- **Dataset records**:
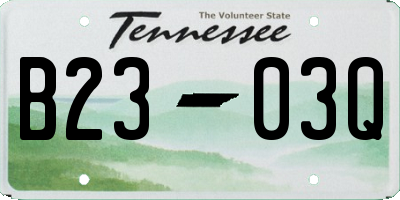 TN license plate B2303Q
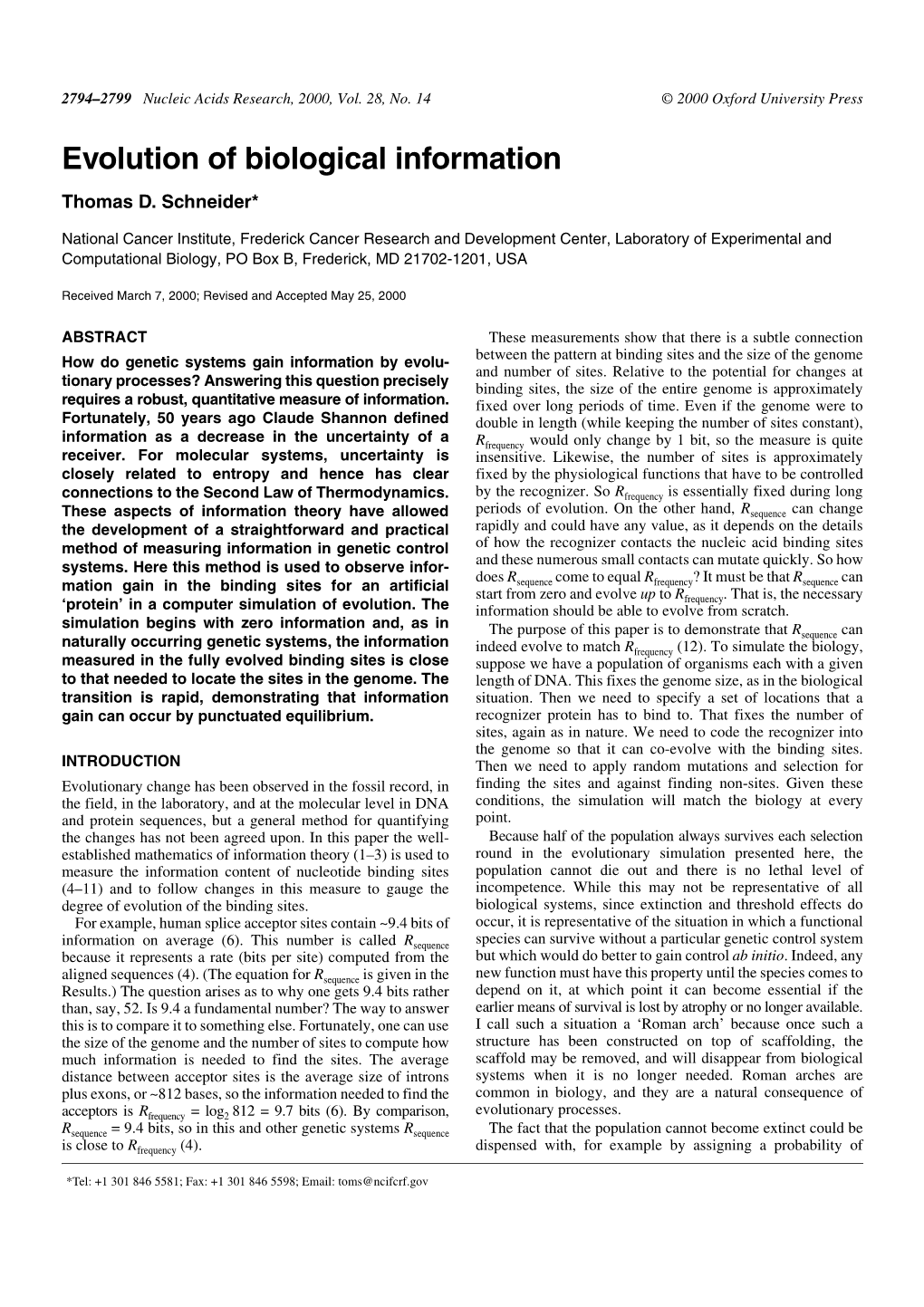 Evolution of Biological Information Thomas D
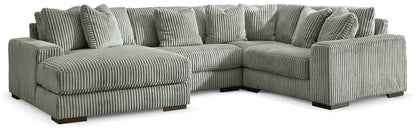 Ocala Furniture Outlet - Ashley Furniture - Lindyn Sectional - RAF 4-Piece Sectional with Chaise / Fog - 21105S17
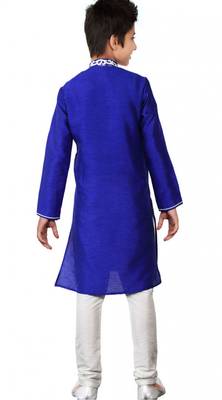 Long Sleeves Blue Art Silk Kid Boy Kurta Pajama  3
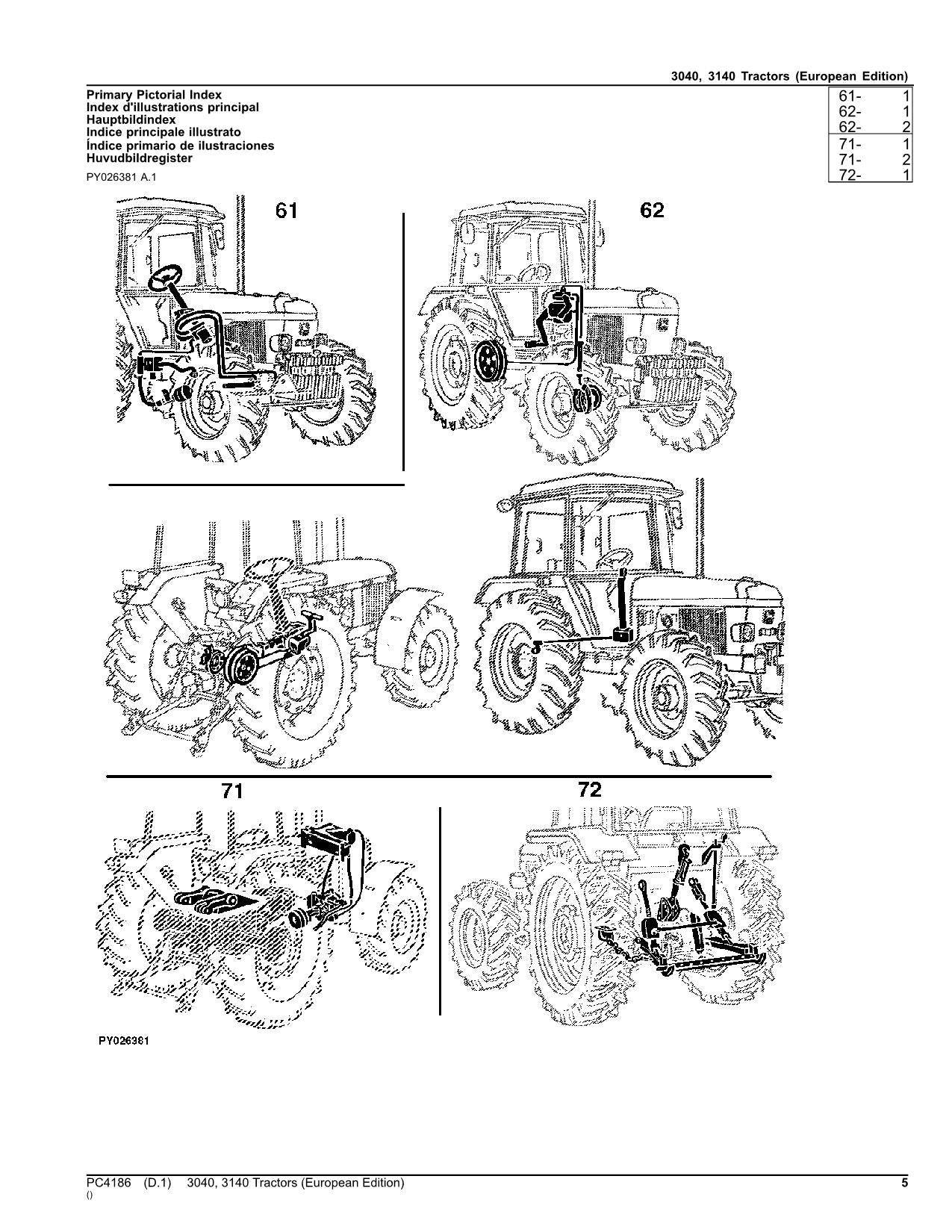 JOHN DEERE 3040 3140 TRAKTOR ERSATZTEILE KATALOG HANDBUCH EUROPÄISCH PC4186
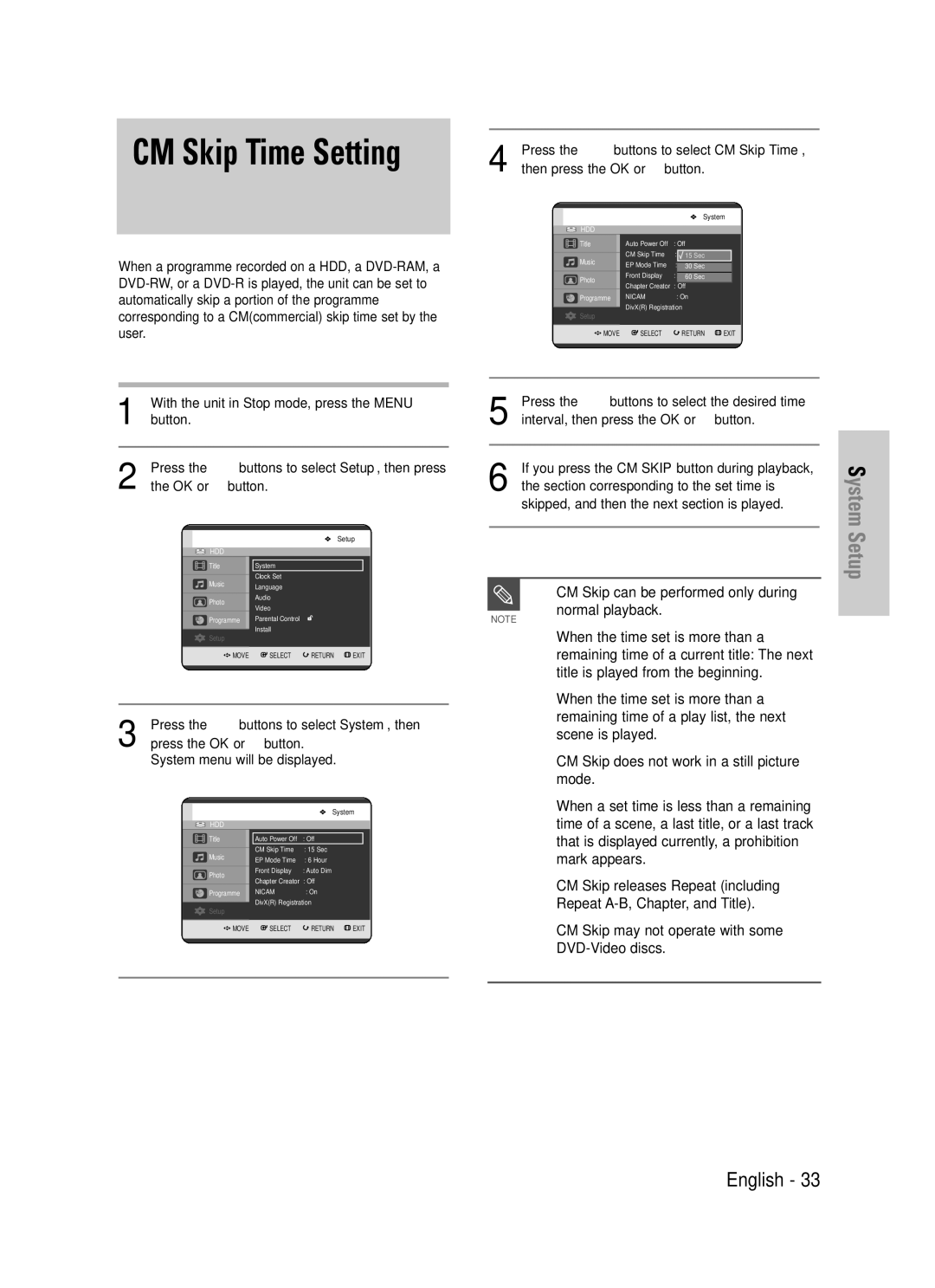 Samsung DVD-HR725P manual CM Skip can be performed only during normal playback, Title is played from the beginning, Mode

- **What the task requires**: Between and including the line above that contains "Evolution of Biological Information Thomas D" and the line that contains "Long Sleeves Blue", restate every line word for word. Pictures stay out.

- **Task answer**:
 Evolution of Biological Information Thomas D
 Ocala Furniture Outlet - Ashley Furniture - Lindyn Sectional - RAF 4-Piece Sectional with Chaise / Fog - 21105S17
 Long Sleeves Blue Art Silk Kid Boy Kurta Pajama  3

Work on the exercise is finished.